Caption-style text data:
Start of Block
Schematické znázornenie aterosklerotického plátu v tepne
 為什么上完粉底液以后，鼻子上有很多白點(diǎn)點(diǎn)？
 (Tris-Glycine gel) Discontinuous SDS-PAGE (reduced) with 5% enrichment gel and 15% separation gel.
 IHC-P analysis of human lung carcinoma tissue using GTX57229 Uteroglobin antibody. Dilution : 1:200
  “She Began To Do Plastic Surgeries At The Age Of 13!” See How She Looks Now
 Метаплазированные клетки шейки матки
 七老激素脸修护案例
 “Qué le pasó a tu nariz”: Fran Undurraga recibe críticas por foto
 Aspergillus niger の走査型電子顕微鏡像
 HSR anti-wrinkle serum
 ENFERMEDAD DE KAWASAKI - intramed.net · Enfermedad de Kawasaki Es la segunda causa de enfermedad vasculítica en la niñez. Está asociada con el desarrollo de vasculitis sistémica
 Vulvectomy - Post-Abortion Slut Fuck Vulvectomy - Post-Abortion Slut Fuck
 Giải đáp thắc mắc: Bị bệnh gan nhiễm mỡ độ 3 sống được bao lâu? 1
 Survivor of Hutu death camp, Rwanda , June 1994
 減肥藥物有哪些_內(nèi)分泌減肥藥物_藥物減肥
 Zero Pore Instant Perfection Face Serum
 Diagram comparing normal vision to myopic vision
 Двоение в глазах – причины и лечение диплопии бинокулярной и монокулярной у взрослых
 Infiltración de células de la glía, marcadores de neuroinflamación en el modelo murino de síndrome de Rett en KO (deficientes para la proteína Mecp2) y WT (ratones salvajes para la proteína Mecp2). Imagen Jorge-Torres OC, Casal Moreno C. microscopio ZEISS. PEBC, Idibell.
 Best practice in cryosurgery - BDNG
End of Block
Task goal
Reproduce the data exactly, altering nothing.

Answer area
Schematické znázornenie aterosklerotického plátu v tepne
 為什么上完粉底液以后，鼻子上有很多白點(diǎn)點(diǎn)？
 (Tris-Glycine gel) Discontinuous SDS-PAGE (reduced) with 5% enrichment gel and 15% separation gel.
 IHC-P analysis of human lung carcinoma tissue using GTX57229 Uteroglobin antibody. Dilution : 1:200
  “She Began To Do Plastic Surgeries At The Age Of 13!” See How She Looks Now
 Метаплазированные клетки шейки матки
 七老激素脸修护案例
 “Qué le pasó a tu nariz”: Fran Undurraga recibe críticas por foto
 Aspergillus niger の走査型電子顕微鏡像
 HSR anti-wrinkle serum
 ENFERMEDAD DE KAWASAKI - intramed.net · Enfermedad de Kawasaki Es la segunda causa de enfermedad vasculítica en la niñez. Está asociada con el desarrollo de vasculitis sistémica
 Vulvectomy - Post-Abortion Slut Fuck Vulvectomy - Post-Abortion Slut Fuck
 Giải đáp thắc mắc: Bị bệnh gan nhiễm mỡ độ 3 sống được bao lâu? 1
 Survivor of Hutu death camp, Rwanda , June 1994
 減肥藥物有哪些_內(nèi)分泌減肥藥物_藥物減肥
 Zero Pore Instant Perfection Face Serum
 Diagram comparing normal vision to myopic vision
 Двоение в глазах – причины и лечение диплопии бинокулярной и монокулярной у взрослых
 Infiltración de células de la glía, marcadores de neuroinflamación en el modelo murino de síndrome de Rett en KO (deficientes para la proteína Mecp2) y WT (ratones salvajes para la proteína Mecp2). Imagen Jorge-Torres OC, Casal Moreno C. microscopio ZEISS. PEBC, Idibell.
 Best practice in cryosurgery - BDNG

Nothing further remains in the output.